***** MATERIAL PROVIDED

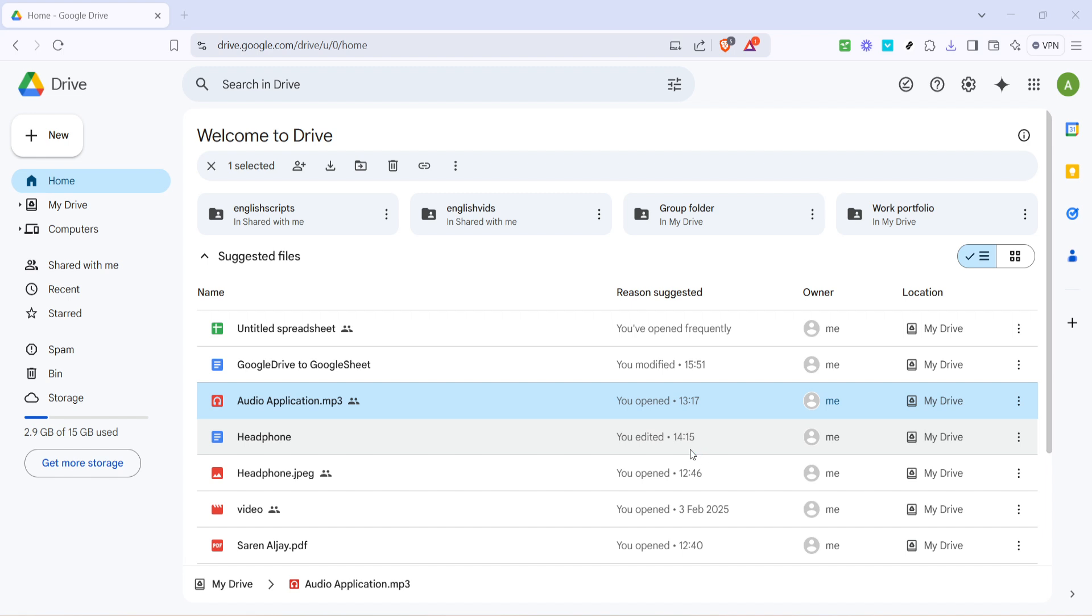Let's dive right into the process. First, open your web browser and head over to Google Drive by typing drive.google.com into the address bar and hitting enter. Make sure you're logged into your Google account to access all the features and your saved files. Once the homepage loads, take a moment to familiarize yourself with the interface if you're new to Google Drive.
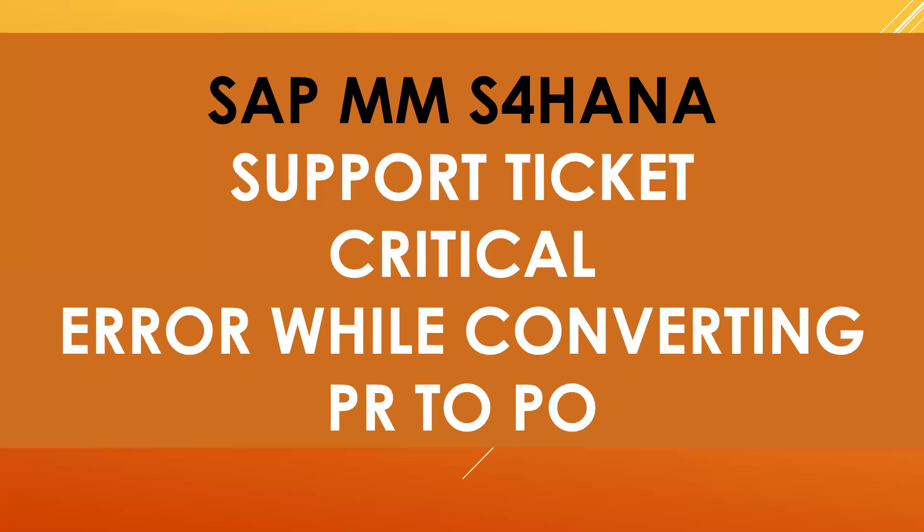Hello everybody, Swamina here. This morning I got a support ticket. It's a critical support ticket. Error while creating purchase order from purchase request. That is converting from PR to PO, purchase requisition to purchase order.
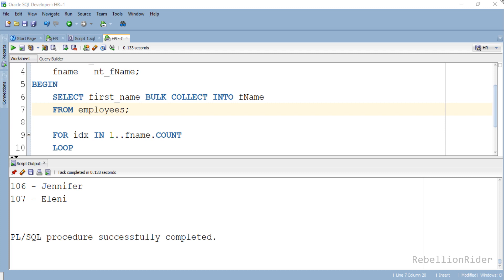Hope this tutorial helped you in learning how context switches occur and what is their impact on the performance of the query. Also how we can use BULK COLLECT to overcome the overhead caused by the context switch and enhance the performance of the PL/SQL query. This is the tutorial on BULK COLLECT clause with SELECT INTO statement. Thanks for watching. This is Manish from RebellionRider.com.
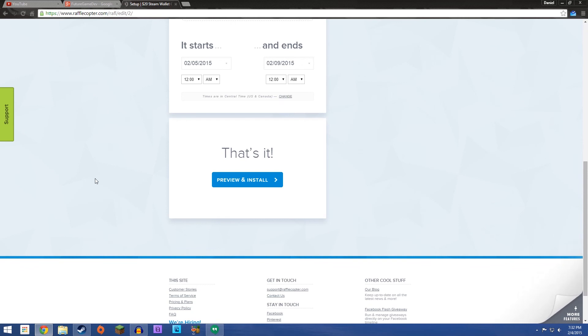Don't cheat and try and use several accounts. Because I'll monitor IP addresses. That's a thing that I can do for some reason. Rafflecopter doesn't want people to cheat. I guess. I don't know. This is my second giveaway. So, I'm still learning. But we're going to have fun with it. And somebody's going to walk away with 20 bucks on Steam.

**********

TASK DETAILS: Repeat the whole listing above word for word, but keep any picture out of it.

SOLUTION TO THIS PROBLEM:
Let's dive right into the process. First, open your web browser and head over to Google Drive by typing drive.google.com into the address bar and hitting enter. Make sure you're logged into your Google account to access all the features and your saved files. Once the homepage loads, take a moment to familiarize yourself with the interface if you're new to Google Drive.
Hello everybody, Swamina here. This morning I got a support ticket. It's a critical support ticket. Error while creating purchase order from purchase request. That is converting from PR to PO, purchase requisition to purchase order.
Hope this tutorial helped you in learning how context switches occur and what is their impact on the performance of the query. Also how we can use BULK COLLECT to overcome the overhead caused by the context switch and enhance the performance of the PL/SQL query. This is the tutorial on BULK COLLECT clause with SELECT INTO statement. Thanks for watching. This is Manish from RebellionRider.com.
Don't cheat and try and use several accounts. Because I'll monitor IP addresses. That's a thing that I can do for some reason. Rafflecopter doesn't want people to cheat. I guess. I don't know. This is my second giveaway. So, I'm still learning. But we're going to have fun with it. And somebody's going to walk away with 20 bucks on Steam.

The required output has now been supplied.